All the while, though, an actual war on Thanksgiving was well underway. And instead of it being about vocabulary, it was about work, money and dignity for millions of people.
If you didn’t notice this war, the chances are you have an office job. In white-collar America, holidays still mostly mean something. But for retail workers, the pre-Covid expansion of Black Friday was just another step in a decades-long desacralization of the entire holiday calendar. Occasions like Presidents Day and Memorial Day bit the dust decades ago. The Fourth of July stopped being a true day off more recently. It was inevitable that commerce would come for Thanksgiving eventually.
It’s not at all clear, by the way, that the threat is gone for good. A lot of the reasons why big stores are staying shut this Thanksgiving involve things most people hope will not be a permanent feature of American life: Inflation, worker shortages, the lingering fear of a jam-packed pre-Christmas sale turning into a super-spreader event. Will Thanksgiving shopping hours be back once those challenges are in the rear-view mirror?
. . . But this is not a lament about Christmas elevator music starting at Halloween or about allegedly tawdry holiday-season materialism . . . . Rather, it’s about power.

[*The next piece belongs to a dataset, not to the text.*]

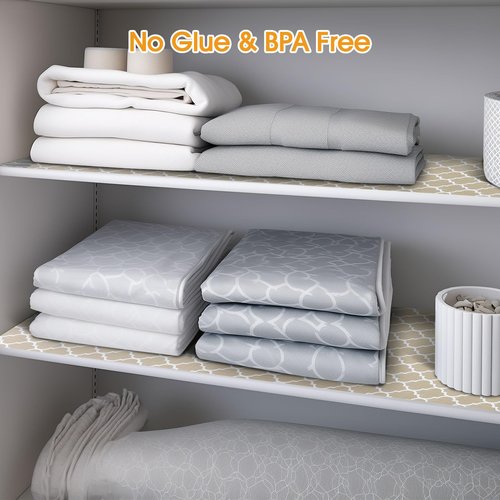 Shinlendid Shelf and Drawer Liner for Kitchen Cabinets Non-Adhesive, Strong Grip Non-Slip Thickened Cabinet Liners for Shelves, Waterproof Mats for Dresser Cupboard, Beige, 12 in x 20 Feet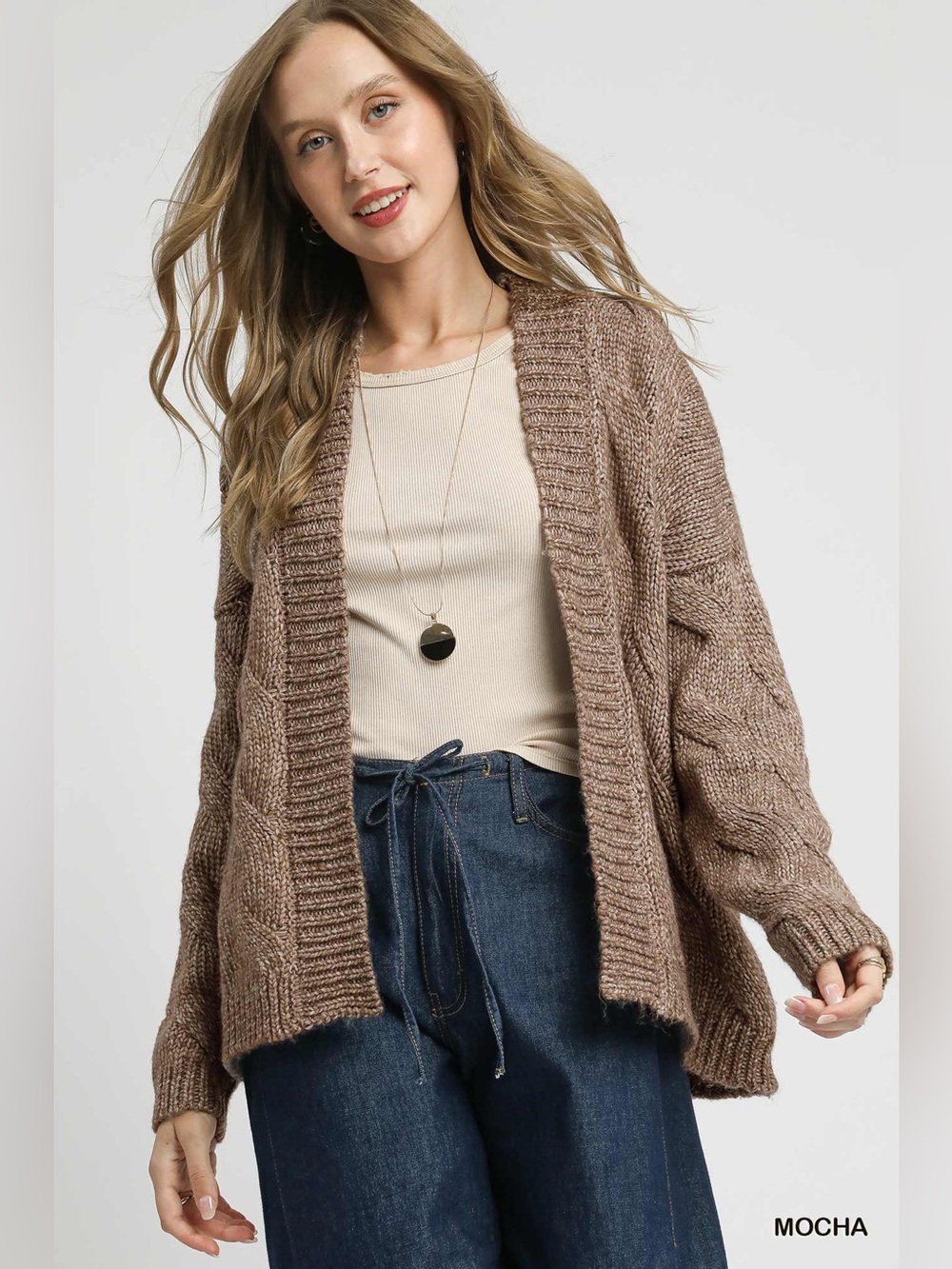 Umgee Chunky Cable Knit Open Front Cardigan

If we’re going to have national holidays, they should be holidays for everyone — not just for people lucky enough to work at a place that doesn’t stay open on Thanksgiving, or doesn’t offer you a choice between 8 hours’ worth of pay and a chance to “enjoy annual traditions that have evolved into sacred rituals with our children and grandchildren,” as President Joe Biden put it in his 2021 Thanksgiving proclamation.
Yes, it’s a free country . . . [But at] a time where we use holidays as an excuse to wage culture war, can we at least agree that they’re important enough to shut a fast-food restaurant?
Thanksgiving is our greatest holiday precisely because it’s egalitarian and ecumenical and endlessly customizable. You don’t have to buy gifts; it’s hard to make it fancy; it can be secular or sacred. At base, it’s about acknowledging that we’re all in this together, and we all got a little help along the way. What the cable-news culture warriors don’t get (and neither do the campus types who assert that the holiday is horrific because its origin story covers up a genocide) is that the meaning of the day is way more important than either loyally upholding or furiously destroying the fairy tale.
One way to honor that meaning: Make sure as many people as possible get their day off.
So this year . . . say a little thanks for the fact that you won’t get to go to the mall once the eating is done. And keep an eye out next year and the year after. The TV versions of the wars on Christmas and Thanksgiving are bunk, but the punch-clock one is all too real. And maybe the right side is winning.